ABC <- data.table::fread(system.file("extdata", "heart_ventricle-ENCODE_ABC.tsv.gz", package = "mapgen"))
ABC <- process_ABC(ABC, full.element = TRUE)
ABC <- ABC[ABC$gene_name %in% gene.annots$gene_name, ] # restrict to protein coding genes
head(ABC, 3)
## GRanges object with 3 ranges and 4 metadata columns:
## seqnames ranges strand | promoter_start promoter_end gene_name
## <Rle> <IRanges> <Rle> | <integer> <integer> <character>
## [1] chr1 888243-888743 * | 894679 894679 NOC2L
## [2] chr1 908361-908861 * | 895966 895966 KLHL17
## [3] chr1 908361-908861 * | 901876 901876 PLEKHN1
## score
## <numeric>
## [1] 0.015224
## [2] 0.017673
## [3] 0.041100
## -------
## seqinfo: 23 sequences from an unspecified genome; no seqlengths
Here we define enhancer regions by OCRs. You can also use histone mark data to define enhancer regions.
genomic.annots$enhancer_regions <- OCRs[OCRs$peakType!="Promoter",]
Considering the fact that PC-HiC and HiC loops may miss contacts between close regions due to technical reasons, here we also consider enhancer regions within 20 kb of active promoters as “nearby interactions”.
nearby20kb <- nearby_interactions(genomic.annots$enhancer_regions,
active_promoters,
max.dist = 20000)
We include ABC, PC-HiC and nearby interactions in the “enhancer loop” category.
genomic.annots$enhancer_loops <- list(ABC = ABC, pcHiC = pcHiC, nearby20kb = nearby20kb)
summary(genomic.annots)
## Length Class Mode
## exons 195913 GRanges S4
## introns 189762 GRanges S4
## UTRs 50889 GRanges S4
## promoters 19430 GRanges S4
## genes 19430 GRanges S4
## exons_promoters 2 -none- list
## enhancer_regions 327014 GRanges S4
## enhancer_loops 3 -none- list
Parameters:
TRUE
, assign intronic SNPs to genes containing the introns.

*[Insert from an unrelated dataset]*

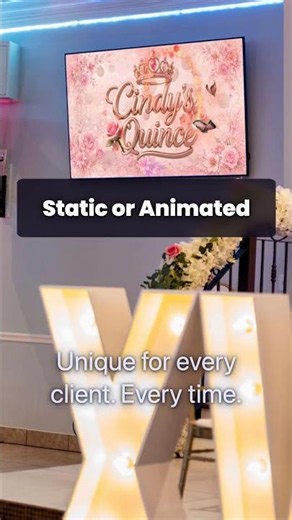Get Custom Photo Booth Templates & Monograms – 5 Free Credits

gene.mapping.res <- compute_gene_pip(finemapstats,
genomic.annots,
intron.mode = FALSE,
d0 = 50000,
exon.weight = 1,
loop.weight = 1)
## Map SNPs to genes and assign weights ...

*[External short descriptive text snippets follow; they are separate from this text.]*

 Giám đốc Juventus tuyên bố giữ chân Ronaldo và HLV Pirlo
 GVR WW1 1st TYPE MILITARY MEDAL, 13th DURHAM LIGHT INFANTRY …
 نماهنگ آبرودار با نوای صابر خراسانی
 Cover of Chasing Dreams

## Assign SNPs in exons and promoters ...
## Assign SNPs to linked genes through enhancer loops ...
## Enhancer loops include: ABC, pcHiC, nearby20kb
## Assign SNPs in enhancer regions to genes by distance weighting ...
## Assign SNPs in UTRs (excluding enhancer regions) to the UTR genes ...
## Assign the rest of SNPs (intergenic) to genes by distance weighting ...
## Compute gene PIP ...
## Done.
head(gene.mapping.res)
## snp chr pos pip pval zscore cs locus gene_name
## 1 rs6658920 1 22257739 3.991827e-03 6.40472 5.057971 0 15 HSPG2
## 2 rs6658920 1 22257739 3.991827e-03 6.40472 5.057971 0 15 USP48
## 3 rs213734 1 41575699 4.560662e-05 3.56067 -3.611940 0 25 SCMH1
## 4 rs2793374 1 205647508 6.666840e-05 4.70421 4.268657 0 106 SLC45A3
## 5 rs12047038 1 205718468 4.506310e-04 4.26074 -4.040541 0 106 NUCKS1
## 6 rs7576657 2 60779478 1.328678e-05 3.19620 -3.432432 0 173 BCL11A
## category weight frac_pip gene_pip
## 1 ABC,nearby20kb 1 0.3333333 0.494801999
## 2 ABC 1 0.3333333 0.001727402
## 3 ABC 1 1.0000000 0.075123247
## 4 ABC 1 1.0000000 0.017269657
## 5 ABC,nearby20kb 1 1.0000000 0.554064134
## 6 ABC,nearby20kb 1 1.0000000 0.000439048
Gene-level result table
gene.pip.res <- extract_gene_level_result(gene.mapping.res, gene.annots)
head(gene.pip.res)
## chr pos gene_name gene_pip
## 1 chr1 22263790 HSPG2 0.494801999
## 2 chr1 22110099 USP48 0.001727402
## 3 chr1 41707826 SCMH1 0.075123247
## 4 chr1 205649587 SLC45A3 0.017269657
## 5 chr1 205719404 NUCKS1 0.554064134
## 6 chr2 60780702 BCL11A 0.000439048
cat(sprintf("%d genes with PIP >= 0.8",
length(gene.pip.res$gene_name[gene.pip.res$gene_pip >= 0.8])))
## 46 genes with PIP >= 0.8
80% credible gene sets
## locus gene_cs gene_cs_locus_pip top_gene top_locus_gene_pip
## 1 7 CASZ1 CASZ1(0.882) CASZ1 0.882
## 2 15 HSPG2,CELA3B HSPG2(0.495),CELA3B(0.486) HSPG2 0.495
## 3 25 SLFNL1,CTPS1 SLFNL1(0.625),CTPS1(0.259) SLFNL1 0.625
## 4 31 BEND5 BEND5(0.997) BEND5 0.997
## 5 32 FAF1,CDKN2C FAF1(0.41),CDKN2C(0.405) FAF1 0.410
## 6 33 TTC39A,EPS15 TTC39A(0.447),EPS15(0.38) TTC39A 0.447
## top_gene_pip
## 1 0.882
## 2 0.495
## 3 0.625
## 4 0.997
## 5 0.426
## 6 0.448
label genes with gene PIP > 0.8.
gene_manhattan_plot(gene.pip.res, gene.pip.thresh = 0.8)
Note: in some cases where a gene spans two nearby LD blocks and/or is linked to SNPs in multiple credible sets (L > 1), the gene PIP may exceed 1, which can be interpreted as the expected number of causal variants targeting the gene (see Methods of our paper for details).